Many of us in the contemporary world have been suffering a prolonged dream drought. You want to end the drought and renew your connection with your dreams. So you set a juicy intention for the night – “I want to have fun in my dreams and remember” or “I open myself to healing” – and make sure you are ready to record something whenever you wake. Be kind to fragments. Even a wisp from a dream, a sense of color, a snatch of a song, can be a great beginning.
Recognize that you don’t need to go to sleep in order to dream. Through the play of synchronicity and pop-up symbols, the world around you will speak to you in the manner of dreams if you pay attention. And there are treasures in in-between states of consciousness, especially in the hypnagogic zone, “the Place Between Sleep and Awake” as Tinker Bell calls it in the Disney version of Peter Pan.

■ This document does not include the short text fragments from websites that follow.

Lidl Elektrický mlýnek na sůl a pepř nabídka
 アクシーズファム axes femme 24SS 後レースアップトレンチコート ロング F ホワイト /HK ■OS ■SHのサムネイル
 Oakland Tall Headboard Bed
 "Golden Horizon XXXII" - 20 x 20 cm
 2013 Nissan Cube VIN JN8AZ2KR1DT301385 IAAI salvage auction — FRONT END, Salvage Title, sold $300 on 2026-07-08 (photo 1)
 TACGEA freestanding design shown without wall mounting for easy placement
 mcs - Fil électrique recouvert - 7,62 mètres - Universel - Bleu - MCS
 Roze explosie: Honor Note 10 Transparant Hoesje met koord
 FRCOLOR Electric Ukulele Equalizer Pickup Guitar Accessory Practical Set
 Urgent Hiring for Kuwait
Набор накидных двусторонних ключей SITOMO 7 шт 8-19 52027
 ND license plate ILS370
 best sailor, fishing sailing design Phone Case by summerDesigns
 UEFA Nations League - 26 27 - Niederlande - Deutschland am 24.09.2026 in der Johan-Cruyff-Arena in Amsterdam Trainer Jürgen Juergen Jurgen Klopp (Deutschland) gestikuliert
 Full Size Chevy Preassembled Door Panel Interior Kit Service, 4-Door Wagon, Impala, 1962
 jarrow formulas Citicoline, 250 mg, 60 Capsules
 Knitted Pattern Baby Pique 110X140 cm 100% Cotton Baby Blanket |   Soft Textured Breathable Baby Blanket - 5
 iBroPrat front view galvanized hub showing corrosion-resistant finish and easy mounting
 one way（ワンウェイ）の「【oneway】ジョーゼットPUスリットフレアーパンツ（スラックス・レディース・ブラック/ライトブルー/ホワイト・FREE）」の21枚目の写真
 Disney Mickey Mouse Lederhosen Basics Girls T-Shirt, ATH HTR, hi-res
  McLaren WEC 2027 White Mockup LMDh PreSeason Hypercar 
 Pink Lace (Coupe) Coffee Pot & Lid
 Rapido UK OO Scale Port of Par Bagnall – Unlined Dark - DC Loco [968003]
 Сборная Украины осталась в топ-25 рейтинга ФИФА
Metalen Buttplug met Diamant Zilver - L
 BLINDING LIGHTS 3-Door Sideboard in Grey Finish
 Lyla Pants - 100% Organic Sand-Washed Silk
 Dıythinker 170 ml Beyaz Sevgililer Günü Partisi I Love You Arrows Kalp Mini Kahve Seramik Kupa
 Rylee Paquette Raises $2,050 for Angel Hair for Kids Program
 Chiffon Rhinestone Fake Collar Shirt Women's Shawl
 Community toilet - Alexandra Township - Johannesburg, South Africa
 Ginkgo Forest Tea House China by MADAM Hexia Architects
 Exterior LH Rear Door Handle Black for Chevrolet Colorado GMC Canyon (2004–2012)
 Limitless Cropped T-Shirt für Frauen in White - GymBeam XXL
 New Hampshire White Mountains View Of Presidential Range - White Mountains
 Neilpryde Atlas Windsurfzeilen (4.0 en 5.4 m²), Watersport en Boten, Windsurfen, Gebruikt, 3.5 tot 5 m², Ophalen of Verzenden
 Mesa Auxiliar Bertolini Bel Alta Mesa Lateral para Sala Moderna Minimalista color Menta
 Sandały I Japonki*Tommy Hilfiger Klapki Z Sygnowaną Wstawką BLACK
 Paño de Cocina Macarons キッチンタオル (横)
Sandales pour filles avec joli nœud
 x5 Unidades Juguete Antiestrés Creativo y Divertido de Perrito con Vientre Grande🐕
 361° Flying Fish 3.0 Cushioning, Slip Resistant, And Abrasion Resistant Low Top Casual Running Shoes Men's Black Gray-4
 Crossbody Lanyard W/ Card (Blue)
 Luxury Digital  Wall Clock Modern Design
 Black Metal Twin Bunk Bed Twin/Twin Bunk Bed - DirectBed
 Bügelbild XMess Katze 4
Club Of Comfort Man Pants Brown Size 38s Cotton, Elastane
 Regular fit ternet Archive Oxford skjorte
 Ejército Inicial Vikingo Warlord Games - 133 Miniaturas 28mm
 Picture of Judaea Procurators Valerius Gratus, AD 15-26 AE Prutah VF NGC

To get active with your dreams, you need to keep a journal and you need to develop the practice of sharing your dreams with others in the right way, and of taking action to bring energy and guidance from the dream world into everyday life. I have invented a powerful technique for dream sharing that we call Lightning Dreamwork. It’s quick, it’s safe and it’s fun. It provides a way for us to hear each other’s stories, provided helpful feedback and guide each other to take action to honor our dreams. We can learn to do it in minutes with a complete stranger or the intimate stranger who shares our bed and may be the hardest person to talk to about sensitive things. The process is explained in my books The Three “Only” Things and Active Dreaming.
We want to develop the practice of conscious or lucid dreaming. The easiest way to become a lucid dreamer is to start our conscious and stay that way. I teach people to travel, wide awake and conscious, through the doorway of a remembered dream to explore the dreamscape more fully, resolve terrors, solve mysteries and foillow roads of adventure in the multiverse. Dream reentry, as I call this, is another of the core techniques of Active Dreaming, my original synthesis of shamanism and dreamwork. In the workshops, we use shamanic drumming to fuel and focus the journeys, and we learn that dreaming does not have to be a solitary activity. We can travel with one or more partners and our shared experiences become first-hand data on the reality of other dimensions.
Dreaming is a discipline. It’s fun and you get to do a lot of the work in your sleep but to get good at it – as with anything else – requires practice, practice.